Without including any pictures, give back all of the data exactly.

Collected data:
======
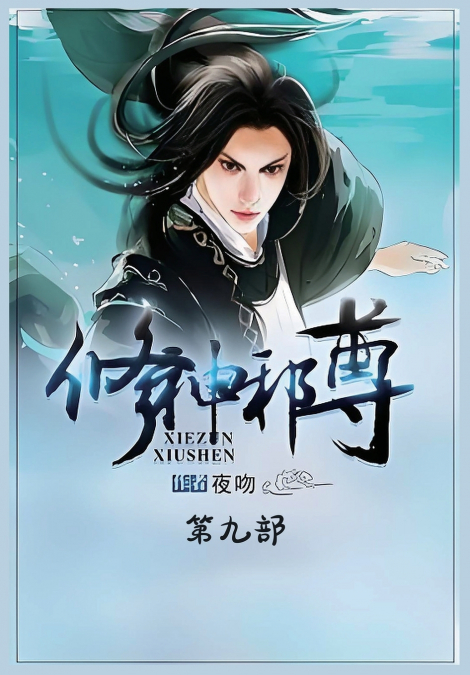 修神邪尊：第九部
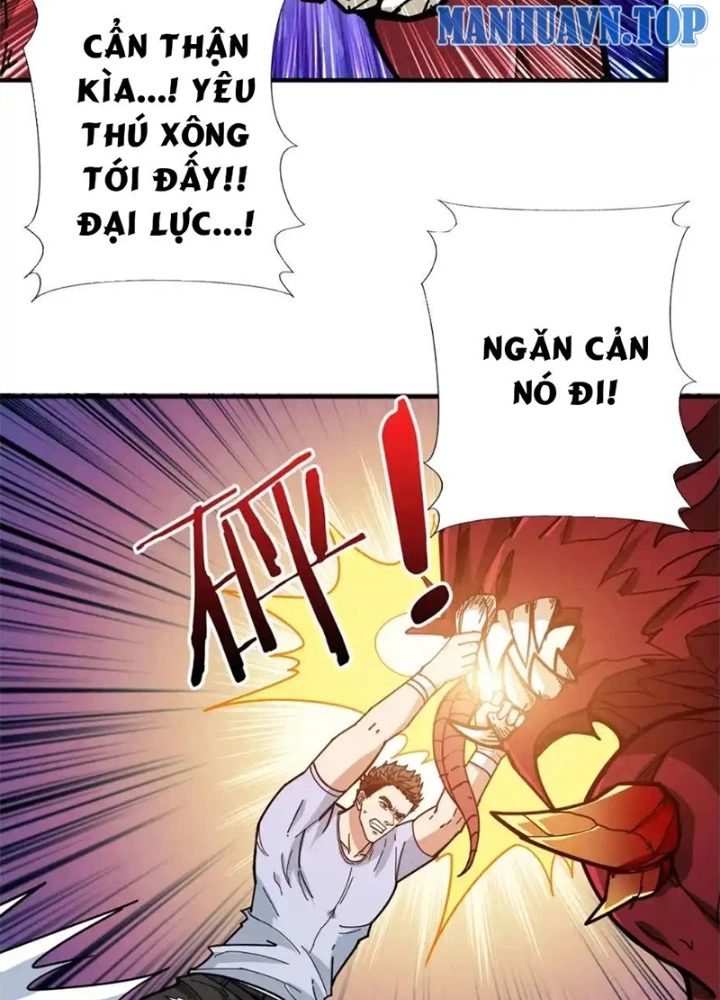 Phệ Thần Kỷ Chapter 117 - 47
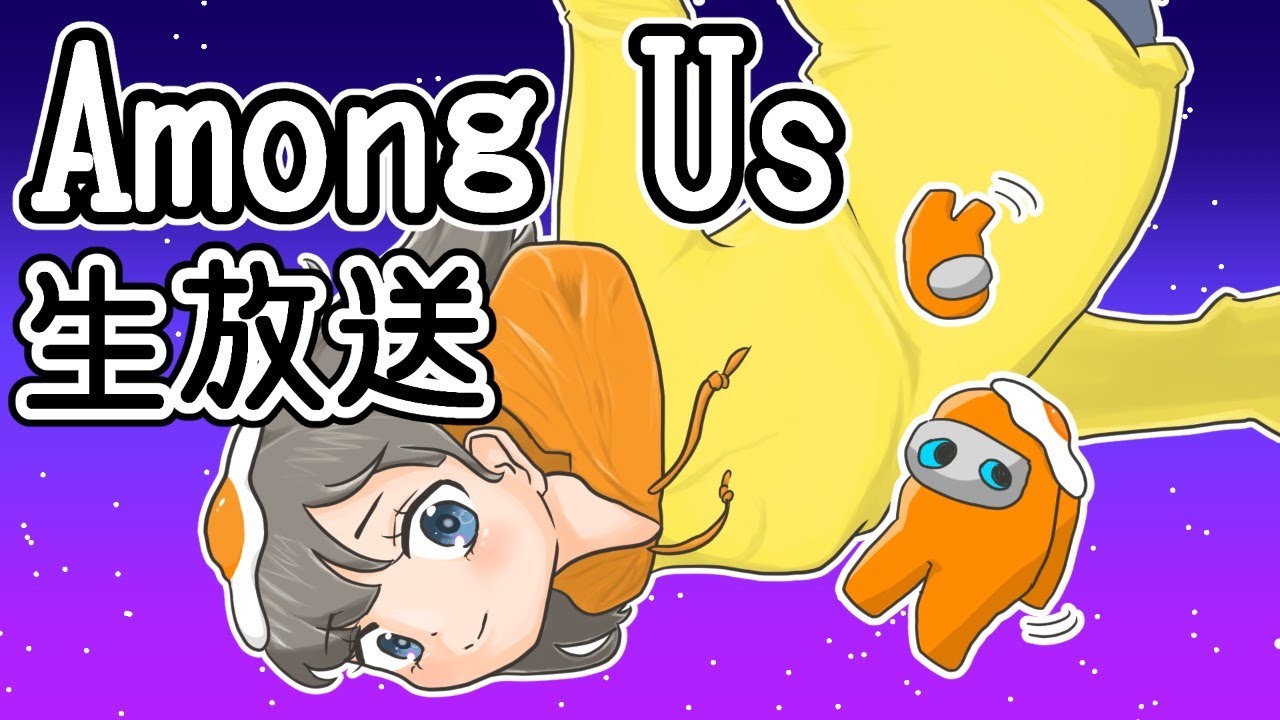 【Among Us】お久しぶりんグアス！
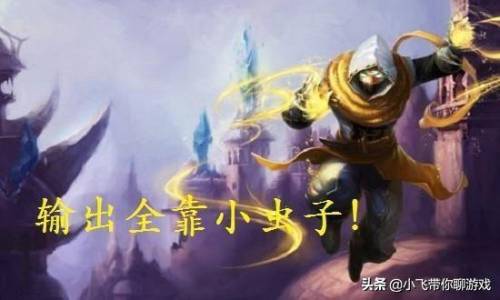 暗影王子玛尔扎哈(魔灵玛尔扎哈好么)插图4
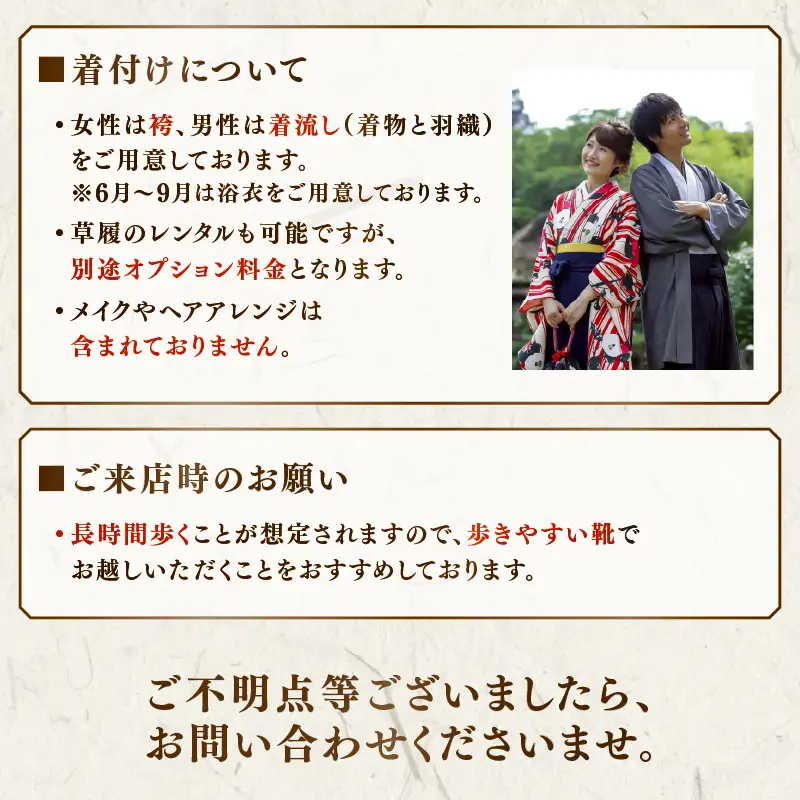 袴の着付け体験とお抹茶 1枚 袴 着付け お抹茶 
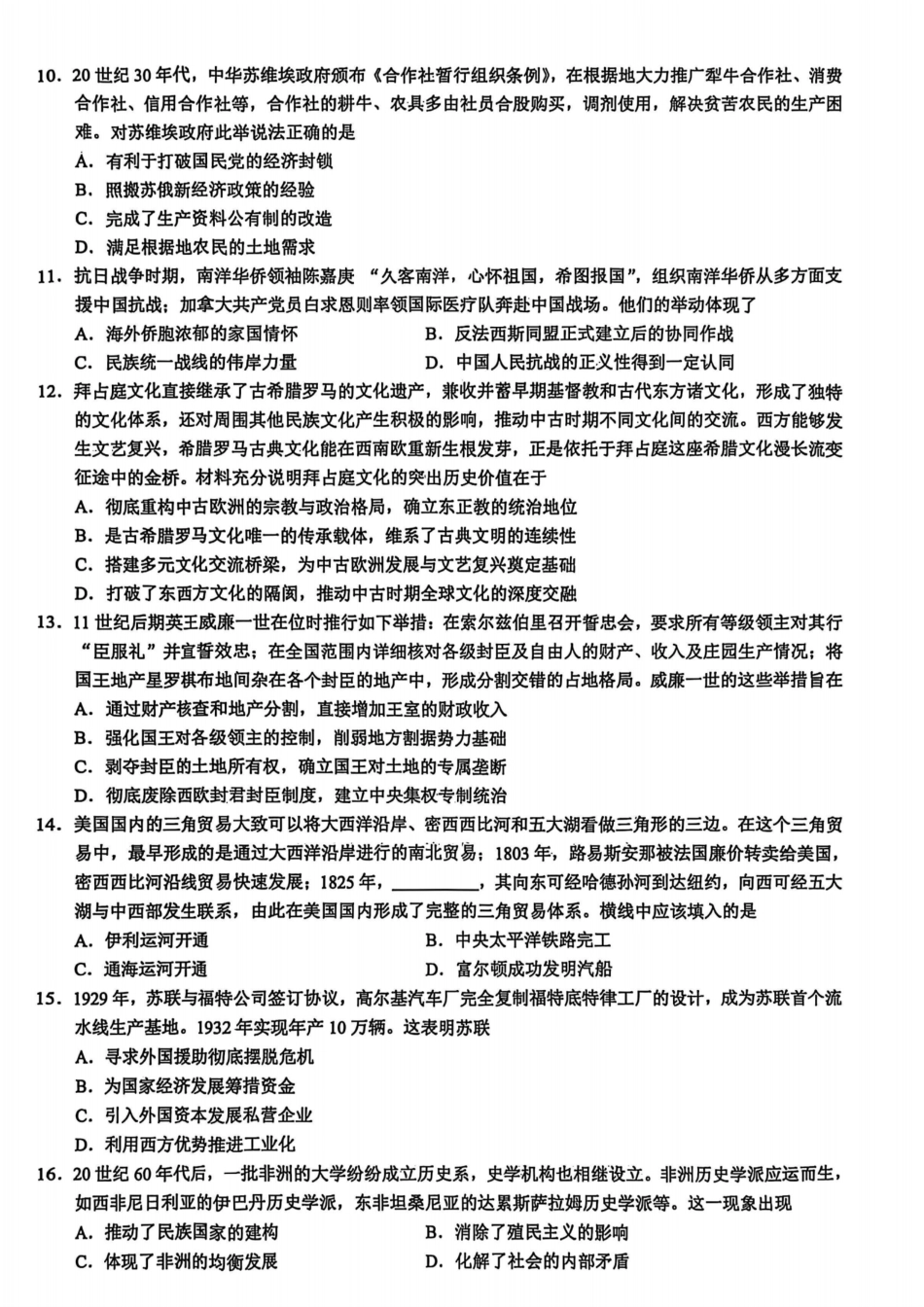 26届江浙皖高中发展共同体10月联考历史.pdf_第3页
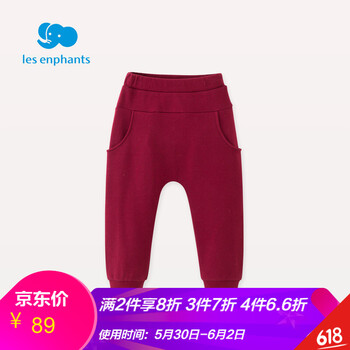 哈倫褲,男童,哈倫褲,針織,針織,男童,怎么樣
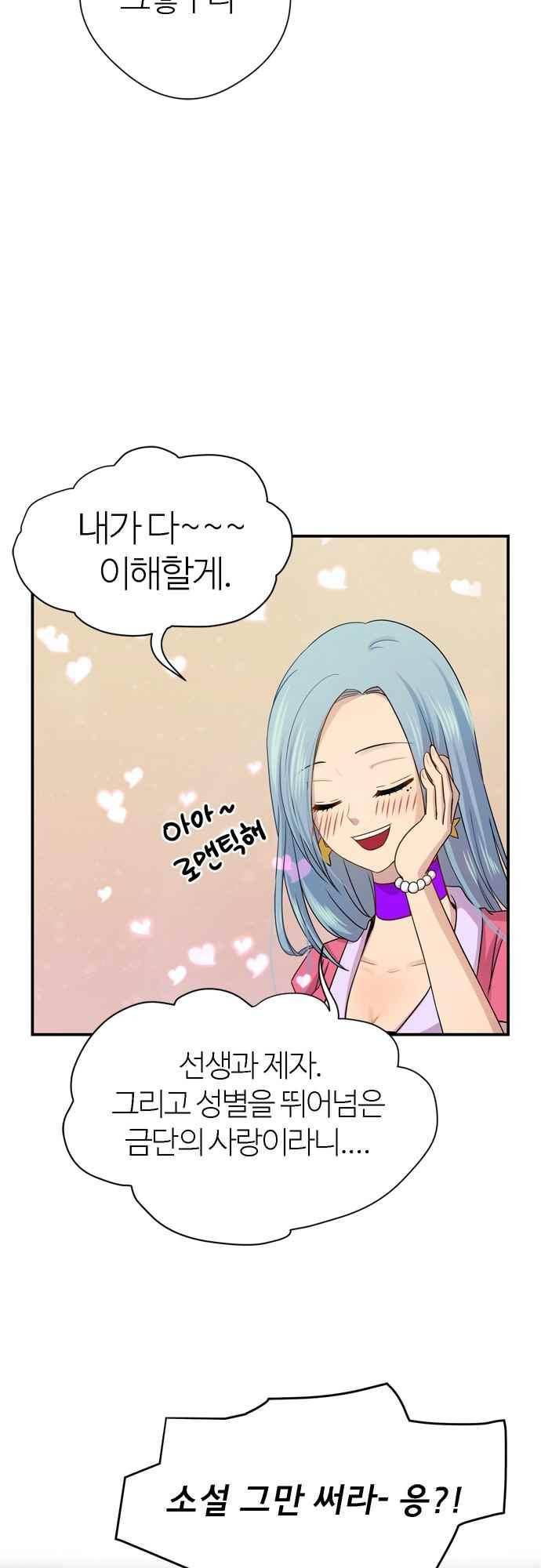 평범해지고 싶어 69화 3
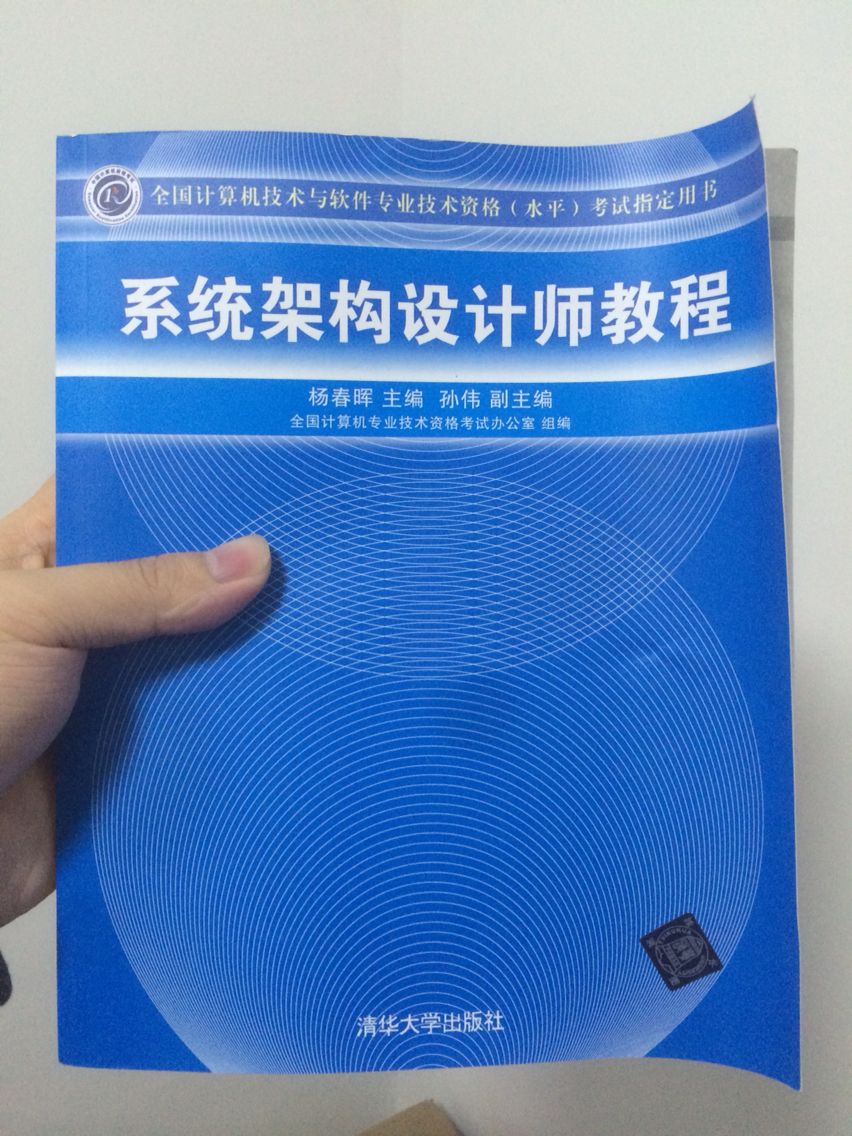 送得快，jd的优势，书还可以，纸张和清晰度还不错。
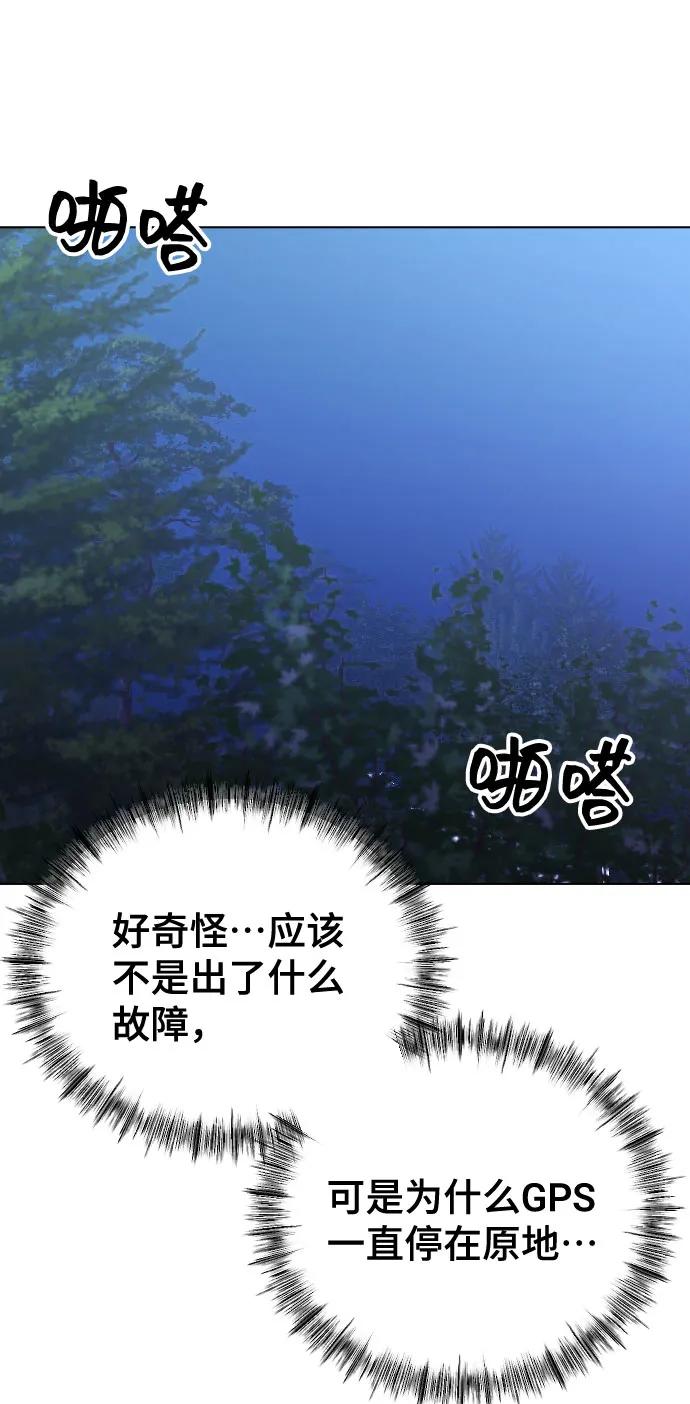 [第25话]溃烂的伤口-在线改变BE结局-Mocappang（第12张）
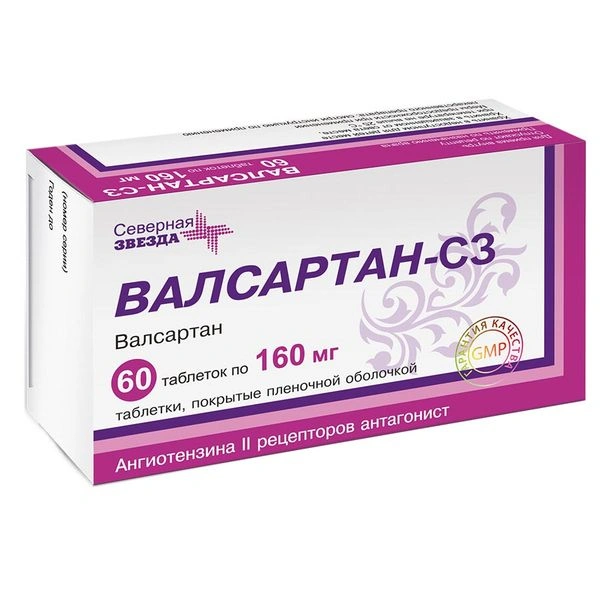Валсартан-СЗ таблетки, покрытые пленочной оболочкой 160 мг №60 (Россия)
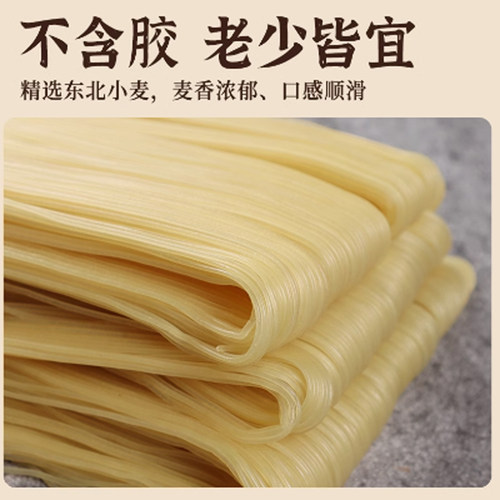 冷面东北朝鲜正宗延吉特产韩国荞麦东北大冷面商用10斤批发散装 - 图3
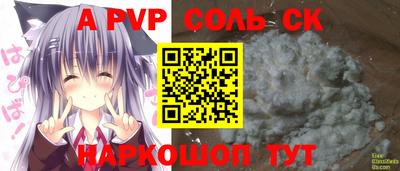 мефедрон VHQ Ипатово
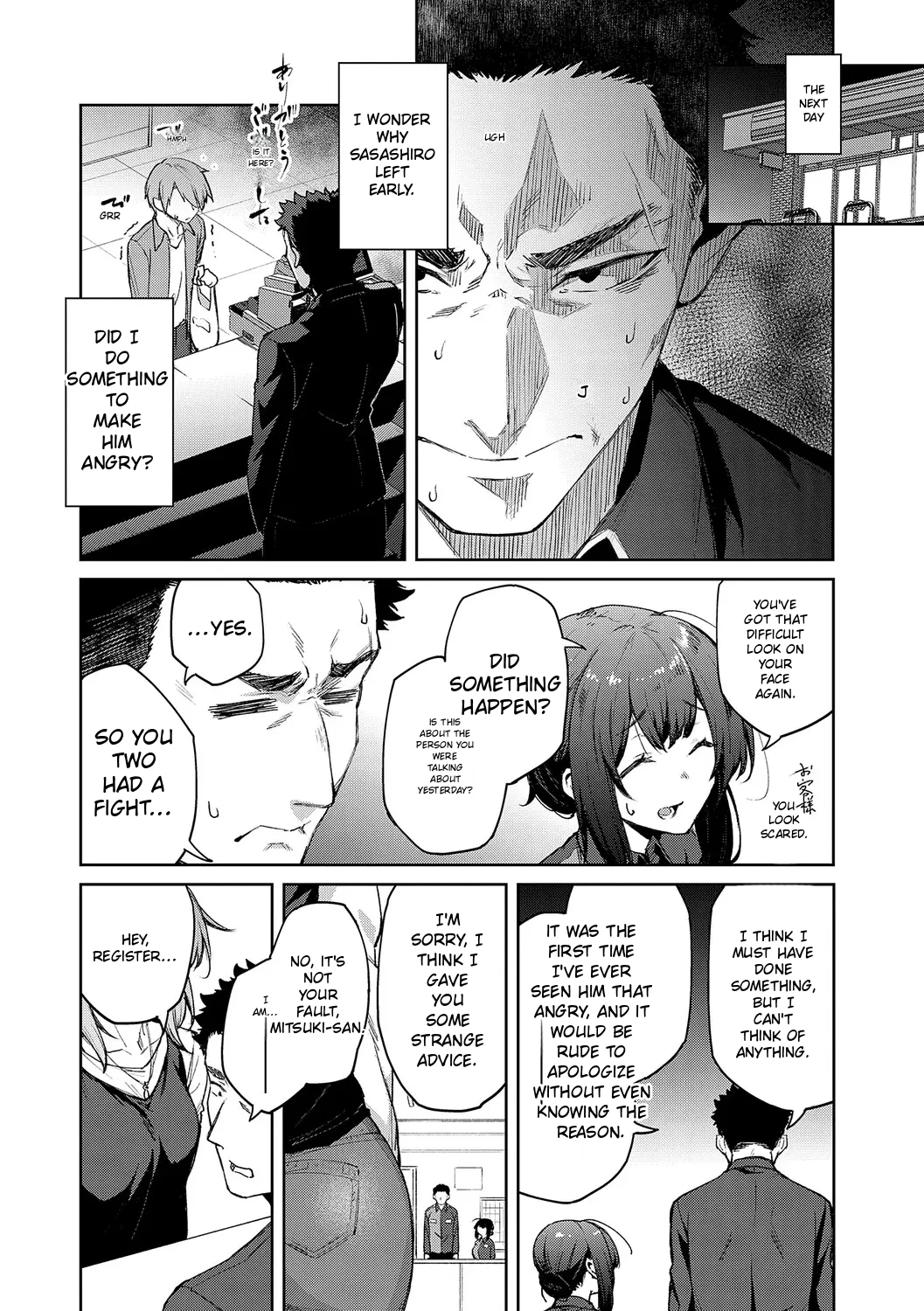 Jasmine Flower Page 21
======
Response below:
 修神邪尊：第九部
 Phệ Thần Kỷ Chapter 117 - 47
 【Among Us】お久しぶりんグアス！
 暗影王子玛尔扎哈(魔灵玛尔扎哈好么)插图4
 袴の着付け体験とお抹茶 1枚 袴 着付け お抹茶 
 26届江浙皖高中发展共同体10月联考历史.pdf_第3页
 哈倫褲,男童,哈倫褲,針織,針織,男童,怎么樣
 평범해지고 싶어 69화 3
 送得快，jd的优势，书还可以，纸张和清晰度还不错。
 [第25话]溃烂的伤口-在线改变BE结局-Mocappang（第12张）
Валсартан-СЗ таблетки, покрытые пленочной оболочкой 160 мг №60 (Россия)
 冷面东北朝鲜正宗延吉特产韩国荞麦东北大冷面商用10斤批发散装 - 图3
 мефедрон VHQ Ипатово
 Jasmine Flower Page 21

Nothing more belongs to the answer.